The answer must give back every line of the data exactly, with no pictures.

--- Data segment ---
----

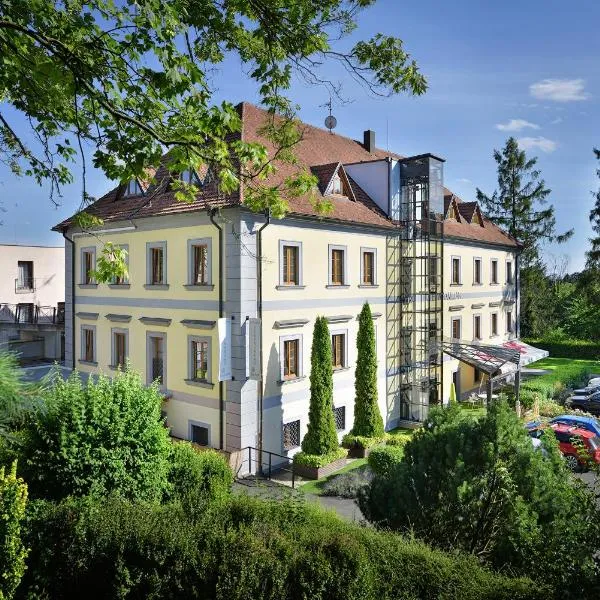Maxmilian Lifestyle Resort, hotel v Loučeni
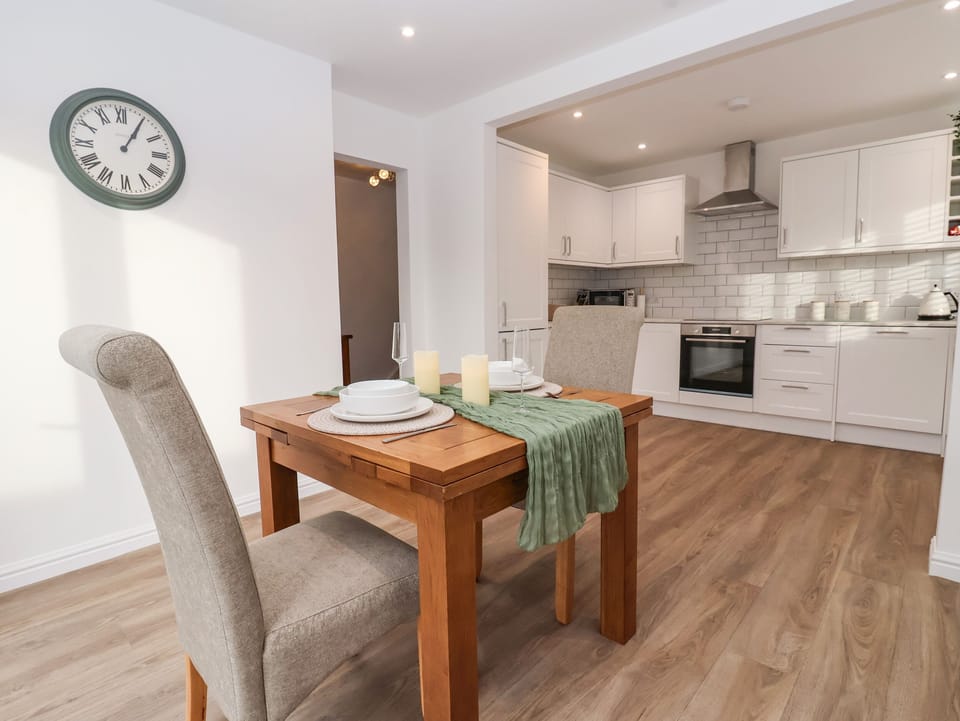 Cottage | Dining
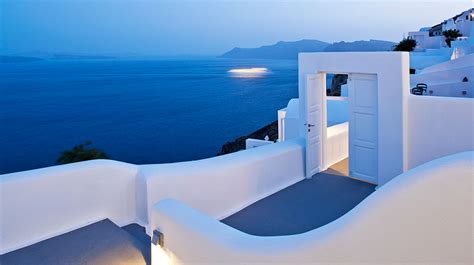 Santorini Honeymoon Package | Luxury Honeymoon Hotels | 7 Day Santorini Honeymoon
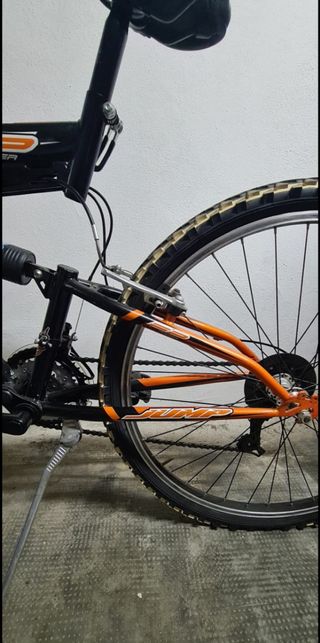 Nuovissima bicicletta mountain bike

----

--- Result of this task ---
Maxmilian Lifestyle Resort, hotel v Loučeni
 Cottage | Dining
 Santorini Honeymoon Package | Luxury Honeymoon Hotels | 7 Day Santorini Honeymoon
 Nuovissima bicicletta mountain bike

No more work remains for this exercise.